# WHAT TO WORK ON:
Retype the data below verbatim; pictures do not belong in the copy.

** Opening DATASET EXCERPTS block **

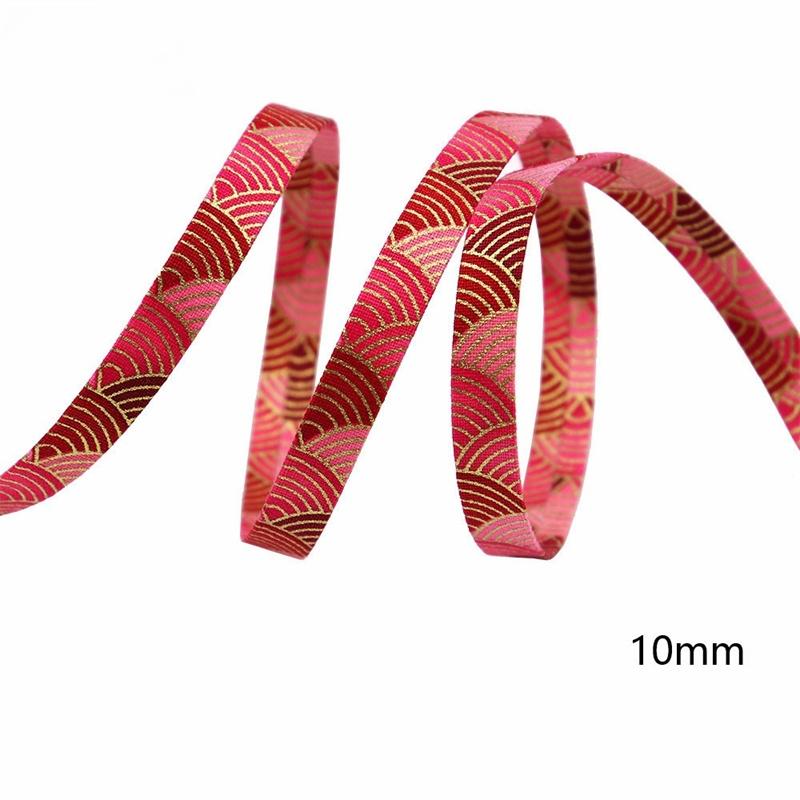 1m Flowers Ribbon Press Cloth Strip DIY Handmade Materials Headwear Hair Bows Clothing Shoes Hats Crafts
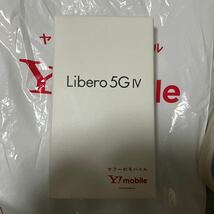 【新品 未使用】SIMフリー ワイモバイル Libero 5G IV 4GB 128GB ブルー A302ZT ZTE スマホ 本体 _画像1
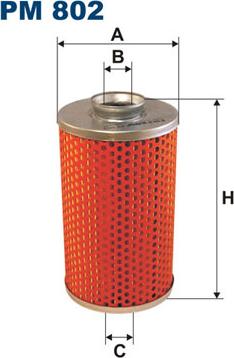 Filtron PM802 - Degvielas filtrs autospares.lv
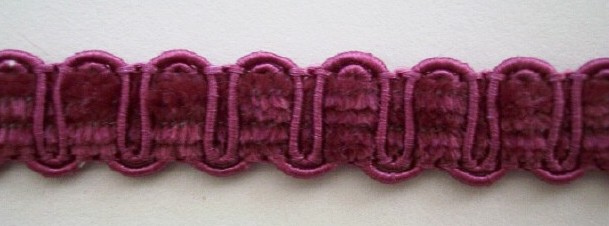 Mauve 1/2" Velvet Braid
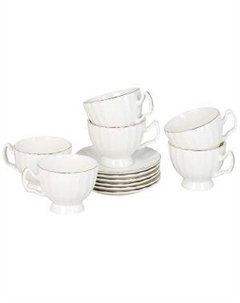 Набор чайный Пломбир, 12 предметов, фарфор Lavenir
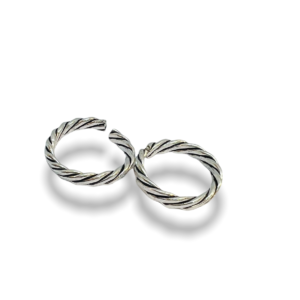 Oxidised Silver Toe Ring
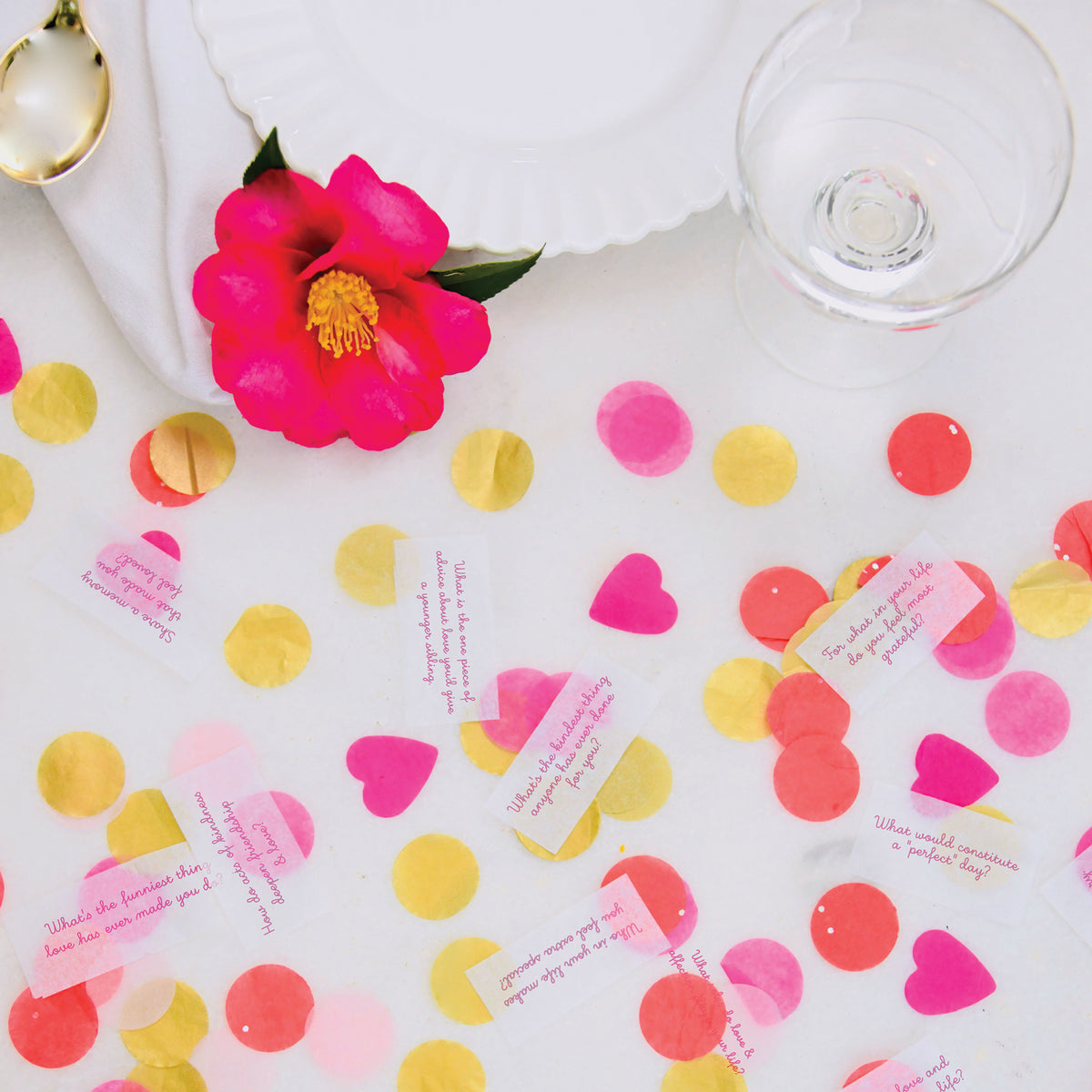 Confetti Talk Conversation Game - Love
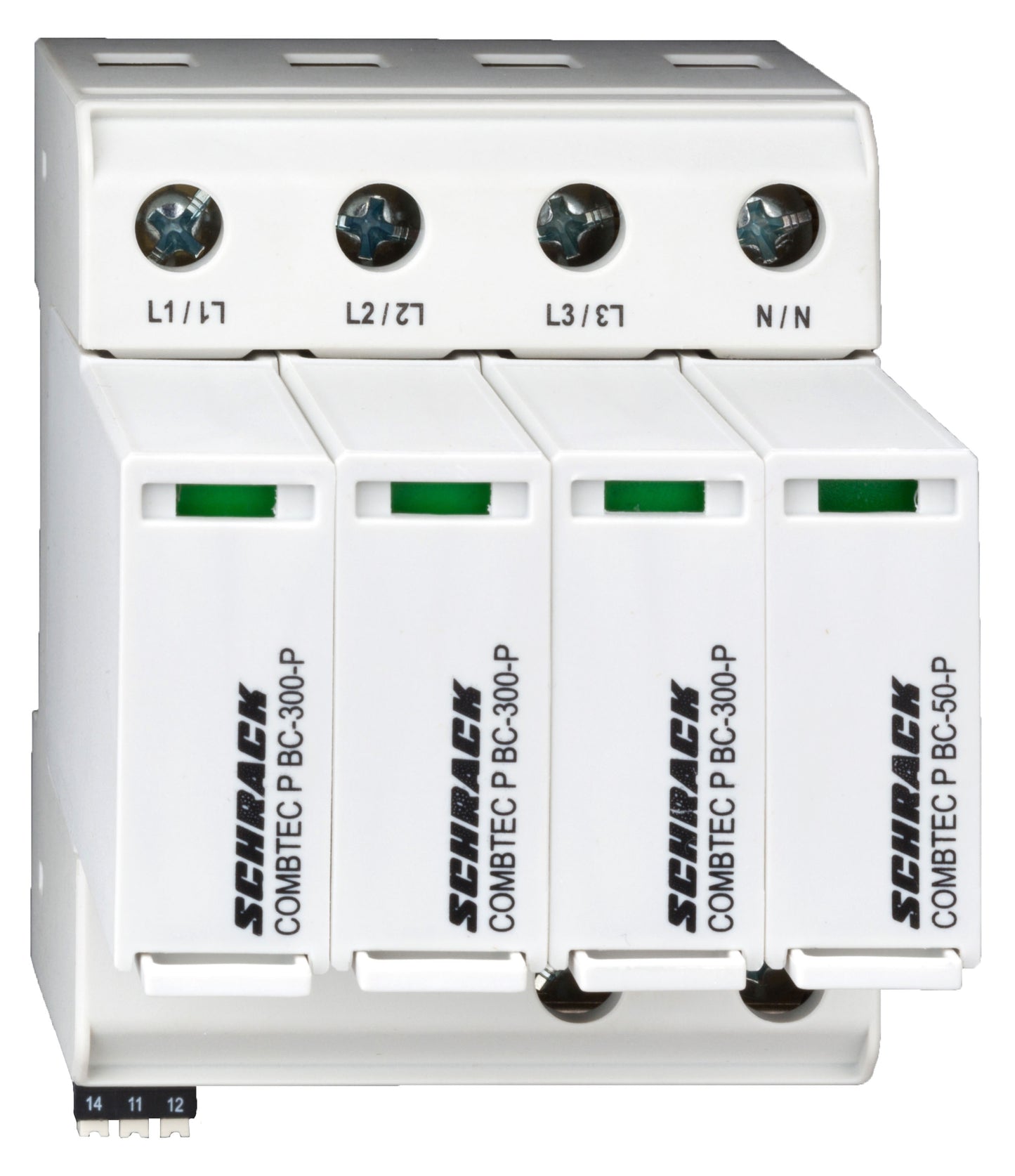 Descărcător broşabil,3+1 TT,Cl.I+II (B+C) 300V / 12.5kA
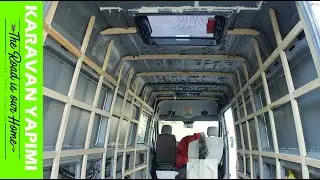 KARAVAN YAPIMI 8 - AHŞAP İSKELET SİSTEMİ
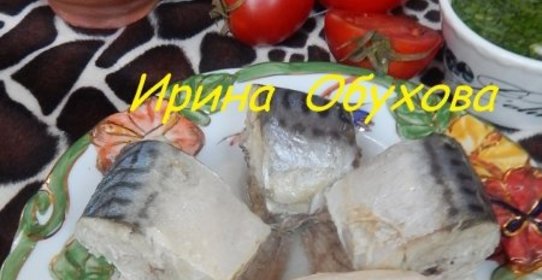 Рыба в соусе киндзмари по кутаисски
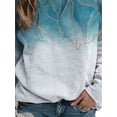 thumbnail image 4 of FASHIONWT Women Trendy Activewear Tops Long Sleeve Round Neck Print Sweatshirt, 4 of 4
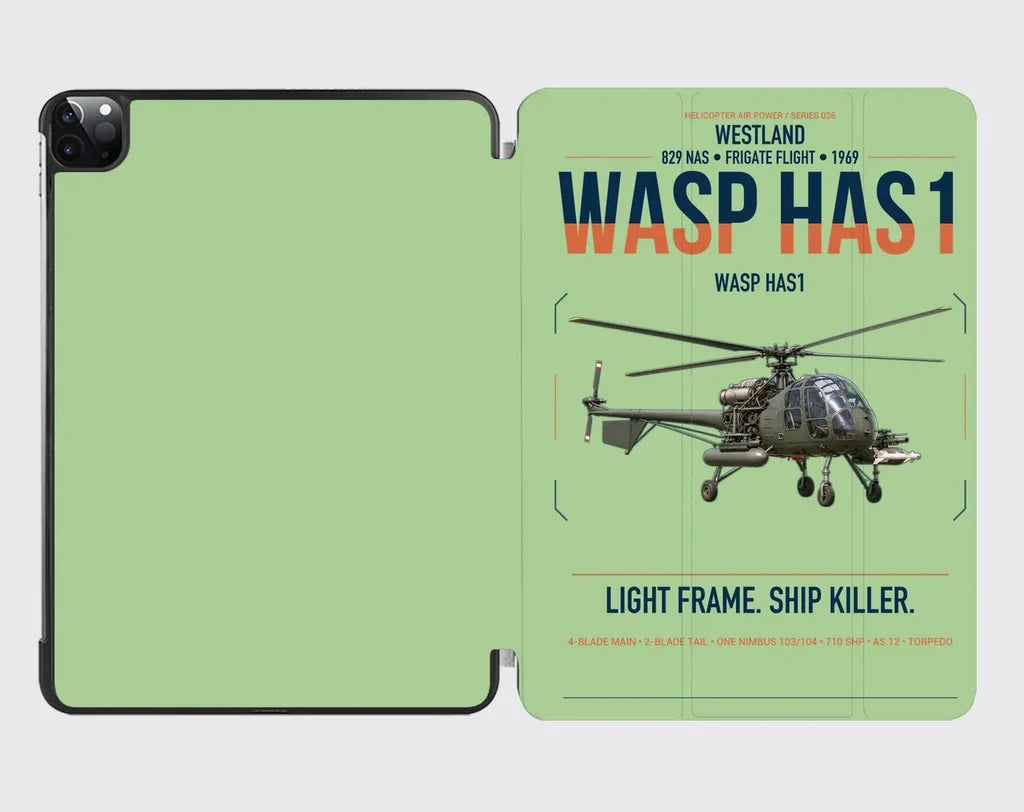 Westland Wasp HAS1 design on light green ipad tablet case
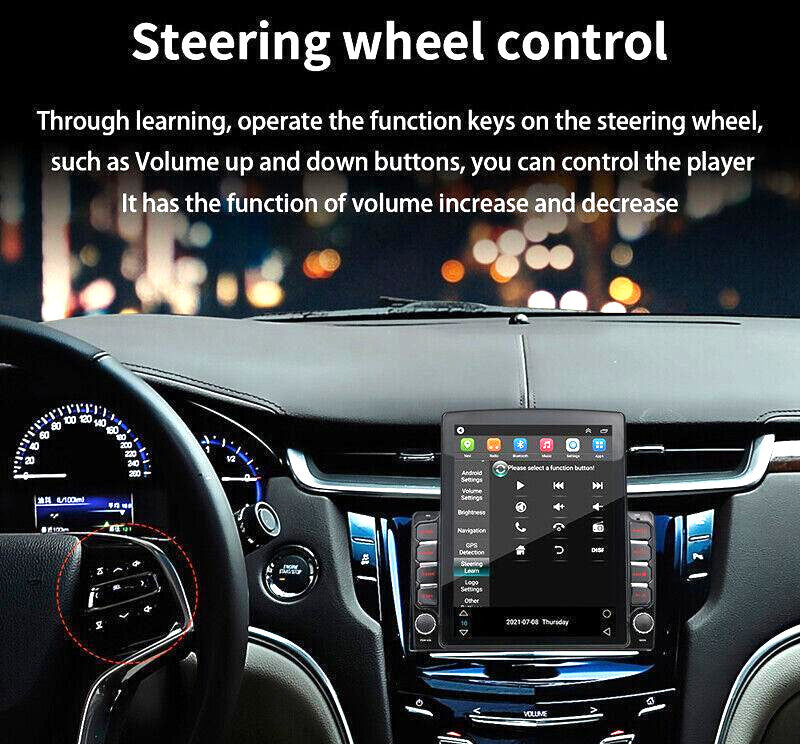 In-car Android 9.1 GPS navigation player with WiFi, compatible with iOS/Android 9.7 FM radio stereo 2DIN- n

** Closing DATASET EXCERPTS block **

# EXERCISE ANSWER:
 1m Flowers Ribbon Press Cloth Strip DIY Handmade Materials Headwear Hair Bows Clothing Shoes Hats Crafts
 【新品 未使用】SIMフリー ワイモバイル Libero 5G IV 4GB 128GB ブルー A302ZT ZTE スマホ 本体 _画像1
 Filtron PM802 - Degvielas filtrs autospares.lv
 Mauve 1/2" Velvet Braid
 Набор чайный Пломбир, 12 предметов, фарфор Lavenir
 Oxidised Silver Toe Ring
 Confetti Talk Conversation Game - Love
 Descărcător broşabil,3+1 TT,Cl.I+II (B+C) 300V / 12.5kA
 KARAVAN YAPIMI 8 - AHŞAP İSKELET SİSTEMİ
 Рыба в соусе киндзмари по кутаисски
 thumbnail image 4 of FASHIONWT Women Trendy Activewear Tops Long Sleeve Round Neck Print Sweatshirt, 4 of 4
 Westland Wasp HAS1 design on light green ipad tablet case
 In-car Android 9.1 GPS navigation player with WiFi, compatible with iOS/Android 9.7 FM radio stereo 2DIN- n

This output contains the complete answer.